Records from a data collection
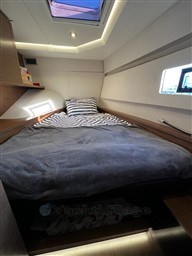 1d1f1_lenfr_b1efc25e-e70f-4f00-95b8-bbf446af71e4.jpg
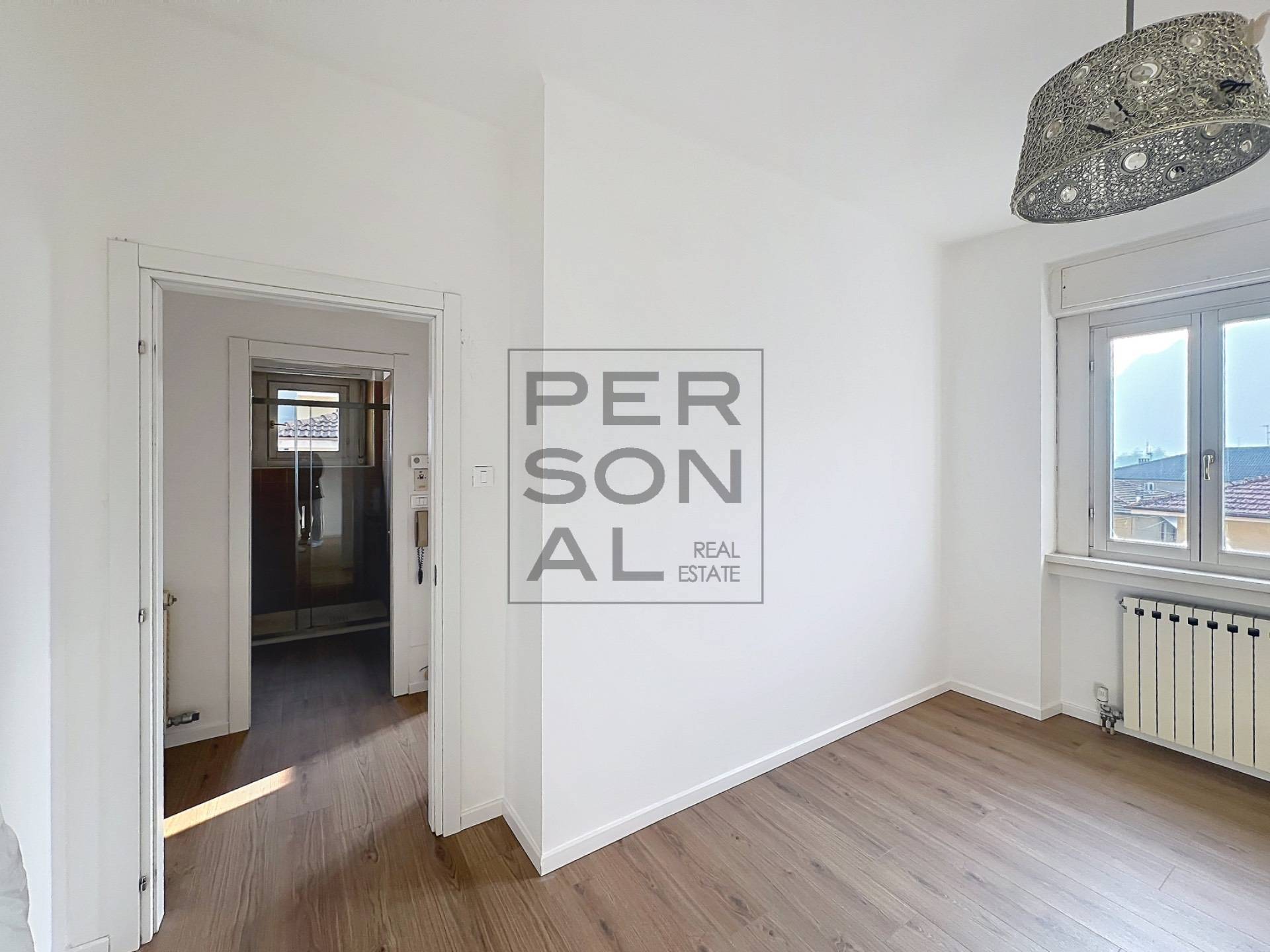 Appartamento in vendita a Rovereto, Lizzana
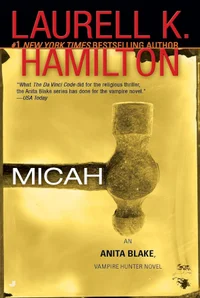Micah
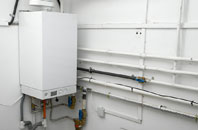 Keltybridge boiler installers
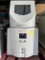 2010 SPEX Sample Prep Tissue Homogenizer Model 2010 Geno/Grinder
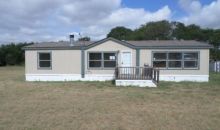 1517 Lower Meadows Ln Alvarado, TX 76009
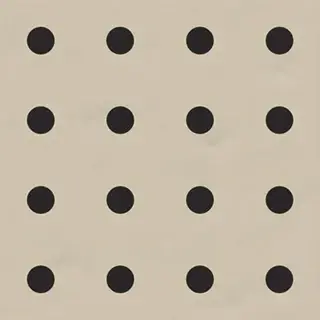 Декор Filippo Soul Chaya Beige 20x20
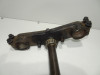 Steering stem Kawasaki KLE 500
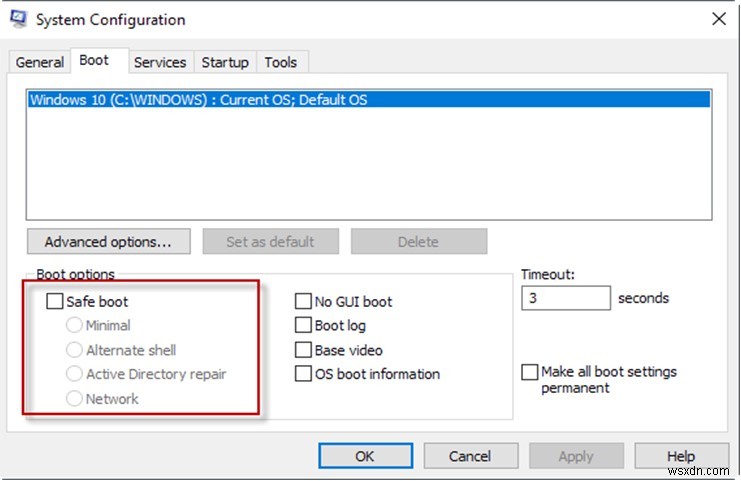 Windows 10で「死の白い画面(ホワイトスクリーン・オブ・デス)」が発生？原因と直し方を徹底解説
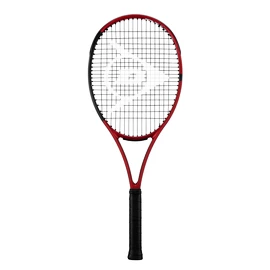 Tennisschläger Dunlop CX 400 Tour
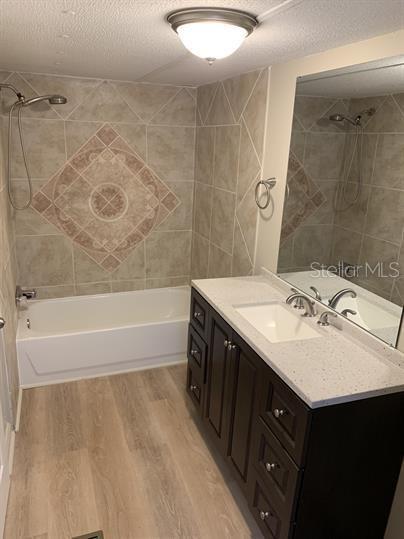 Tiny photo for 7032 SE 170th Avenue Road, Ocklawaha, FL 32179 (MLS # O6421079)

* The task
Starting with the line that contains "Декор Filippo Soul Chaya Beige 20x20", repeat each line exactly through the last line of the data above, and nothing more; the pictures stay out.

* Solution for this exercise
 Декор Filippo Soul Chaya Beige 20x20
 Steering stem Kawasaki KLE 500
 Windows 10で「死の白い画面(ホワイトスクリーン・オブ・デス)」が発生？原因と直し方を徹底解説
 Tennisschläger Dunlop CX 400 Tour
 Tiny photo for 7032 SE 170th Avenue Road, Ocklawaha, FL 32179 (MLS # O6421079)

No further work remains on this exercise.